6 de janeiro de 2004

Assim até o Francisco fica a saber!

Dr Prado Coelho e a sociedade civilQuem, no Porto, quiser saber onde mora o Francisco, basta-lhe que comece a subir a Rua de Camões e se detenha em frente à antiga estação da Trindade. Onde actualmente alguns operários, certamente vindos de leste, pregam dísticos na vedação a dizer "frente de obra", "utilize o outro passeio" ou "metro do Porto". Enquanto outros, no interior, prosseguem com escavações arquelógicas, sem método e sem ritmo, ou procuram raposas nas tocas abertas no coração da terra por máquinas malucas.

Ele, o Francisco, mora ali há anos, sob as arcadas do velho edifício onde funcionou a estalagem Corcel, encravado entre uma parede do prédio que ainda não ruiu e uma fila de automóveis que, em espinha, aproveita o passeio para o estacionamento. Tem sempre à volta da enxerga em que se deita uma enormidade de porcarias e inutilidades que são todo o seu património. Por mais que instado a fazê-lo, não se muda. Por vezes, não sei quem, vem com uma carinha e leva-o, carrega-lhe o património para a lixeira e lava o passeio à mangueirada. Dois dias depois o Francisco está de volta. Espoliado do seu património, recomeça vida de novo.

Está habitualmente sóbrio o Francisco, desde que esteja a dormir. As mesmas garantias já não podem dar-se desde que esteja levantado e as garrafas de cerveja, vazias, se acumulem como parte do património. Não é agressivo e chega, muitas vezes, a ser prestável e a oferecer-se para levar a casa as compras dos moradores adjacentes. Raramente implica seja com quem for. Sobe a rua, a passo, falando sozinho, desce-a da mesma maneira, mas calado. Nunca andou a arrumar carros porque essa atitude, segundo afirma, é o seu contributo para o Porto Feliz do Dr Rio. Além disso corria sempre o risco de alguém do Jornal de Notícias, que fica em frente, lhe tirar o retrato e pespegar com ele nas páginas do jornal. Um desprestígio!

O Francisco não tem e não vê televisão, da mesma forma que não tem e não ouve rádio.
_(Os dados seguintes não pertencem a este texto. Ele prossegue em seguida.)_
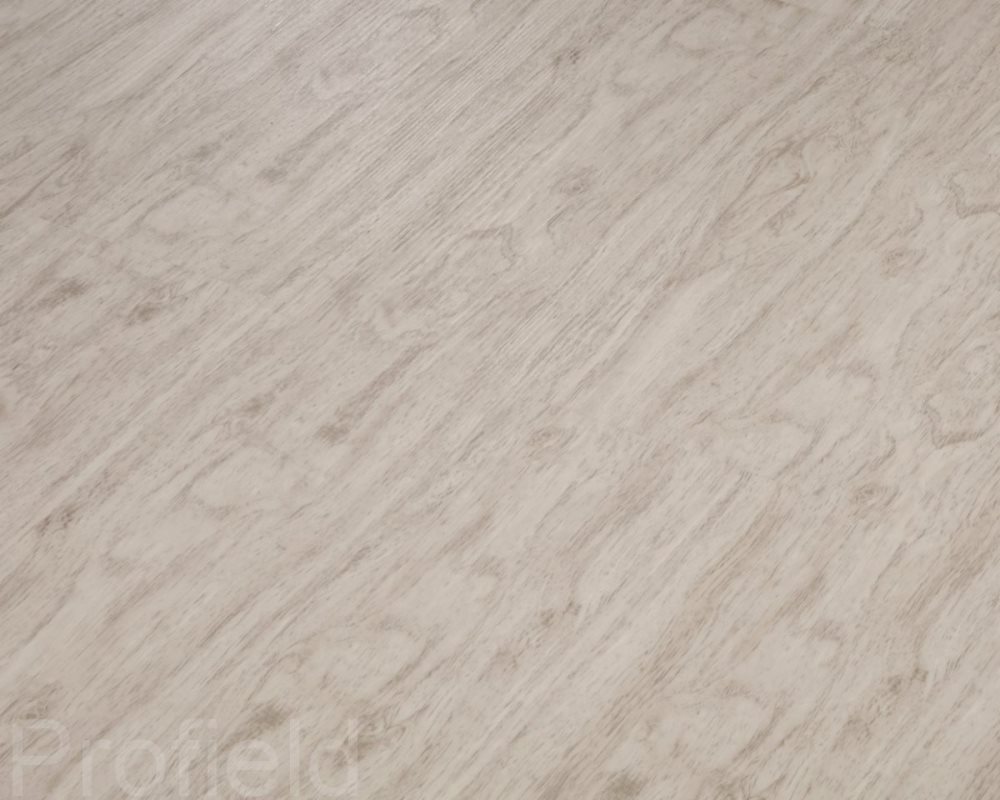 SPC ламинат "Profield" Орех Тулон (1240*182*5,5 мм) — купить в Москве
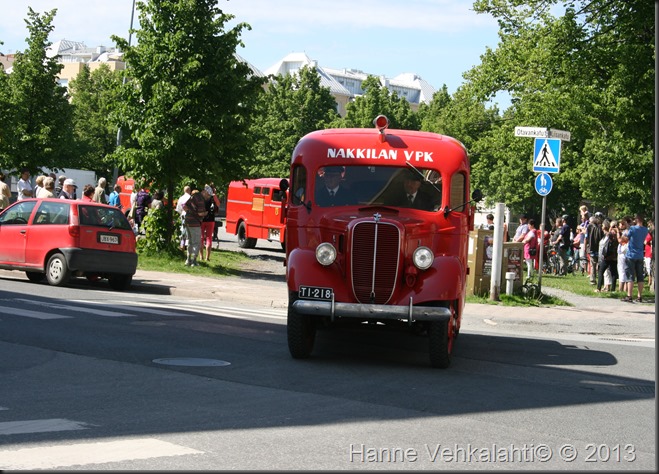 hanne pori vpk 033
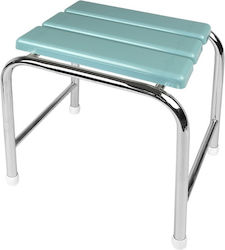 EVIOP 1330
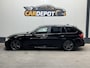 BMW 3-Serie Touring 320d EfficientDynamics Edition High Executive ACC Zeer Netjes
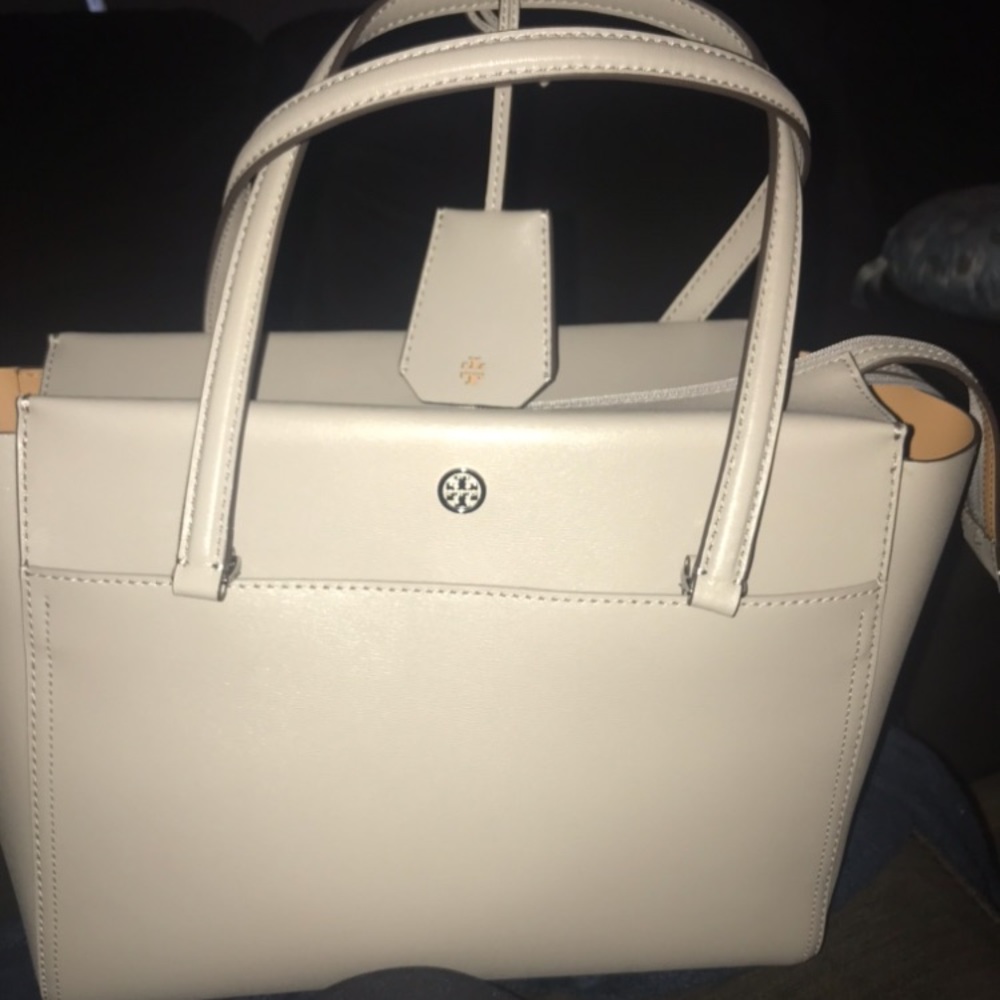 Tory Burch purse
Mas lê durante grande parte do tempo em que tem que esperar pela próxima cerveja. E escreve muitos algarismos. Em folhas soltas de papel quadriculado que os vizinhos, compadecidos, lhe vão oferecendo. Desenha-os cuidadosamente, com firmeza na mão e sem emendas. Uniformes e regulares, de fazerem inveja a quem frequenta escolas. Do ensino público ou privado, tanto faz.

Cumprimenta quem passa com a educação esmerada de quem nunca fez parte da junta de freguesia. Embora se apresente barbudo e sujo, com aspecto andrajoso, mas não utilizando roupas rotas. Um destes dias perguntou-me o que era isso de sociedade civil e se isso era bom para ele, lhe trazia mais benefícios, significava o aumento da pensão social ou, pelo menos, meia dúzia de cervejas a mais. Por mais que me custe dizê-lo, hão-de V. Exas. desculpar-me a grosseria, fodeu-me! Tirou-me o pio e, sem pedalada, não soube responder-lhe.
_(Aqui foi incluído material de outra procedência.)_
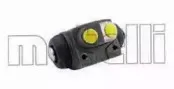 metelli-040353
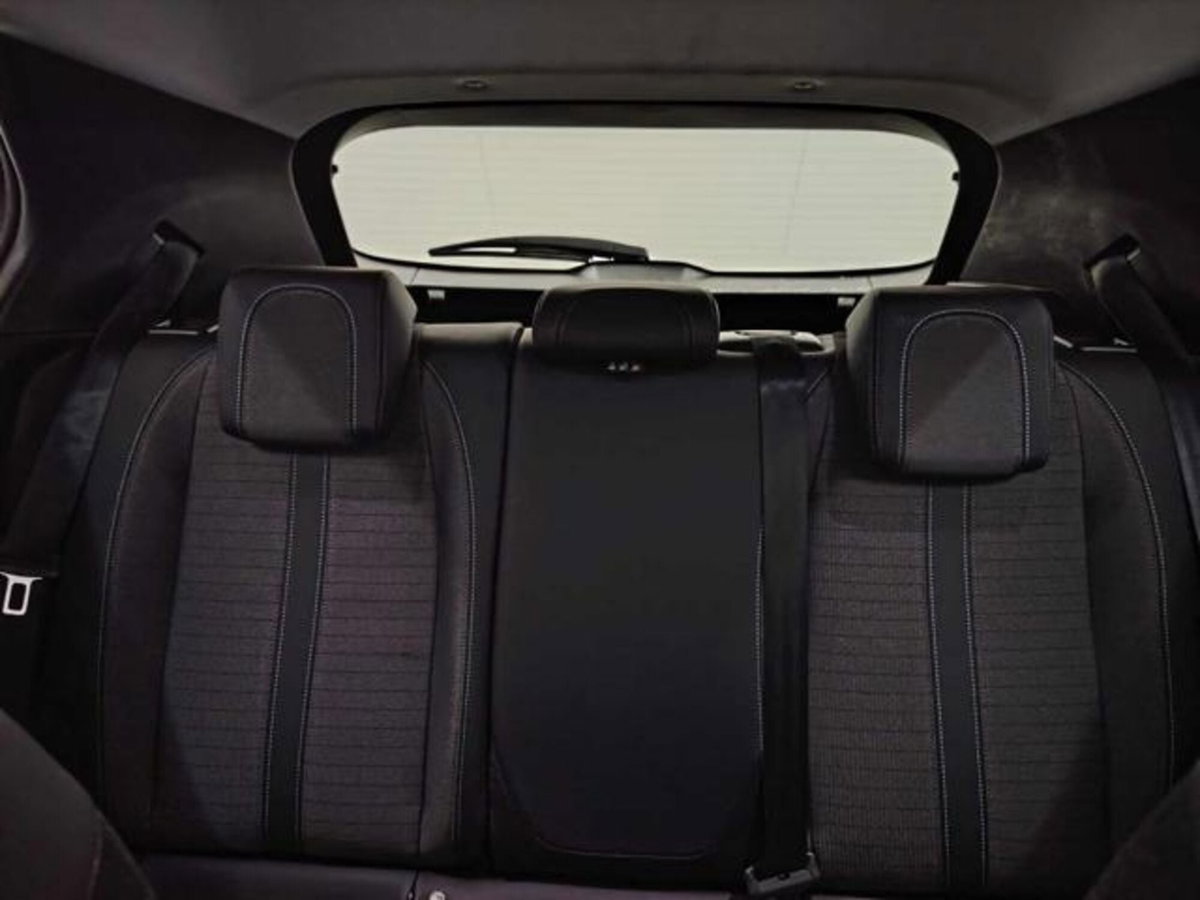 Peugeot 2008 PureTech 100 S&S Allure (8)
Saiu-me a sorte grande hoje, depois de ontem terem arrancado as emissões do canal de televisão Dois. Com os mesmos emissores, as mesmas instalações, as mesmas frequências, as mesmas caras e até o mesmo canal na TV Cabo. O mesmo presidente do conselho de administração e o mesmo impagável ministro da presidência também. O Dr. Eduardo veio hoje, por caprichos do destino, em meu socorro. Ensinando-me que o conceito de sociedade civil traz a sua marca de formulação hegeliana, nos Princípios da Filosofia do Direito, que tem precisamente na segunda secção da terceira parte um desenvolvimento que lhe é consagrado.

Logo à noite já esclareço o Francisco, que anda afligido com o assunto. E entrego-lhe o recorte do jornal para ele ler ao serão, entre o frio de inverno e mais uma Super Bock!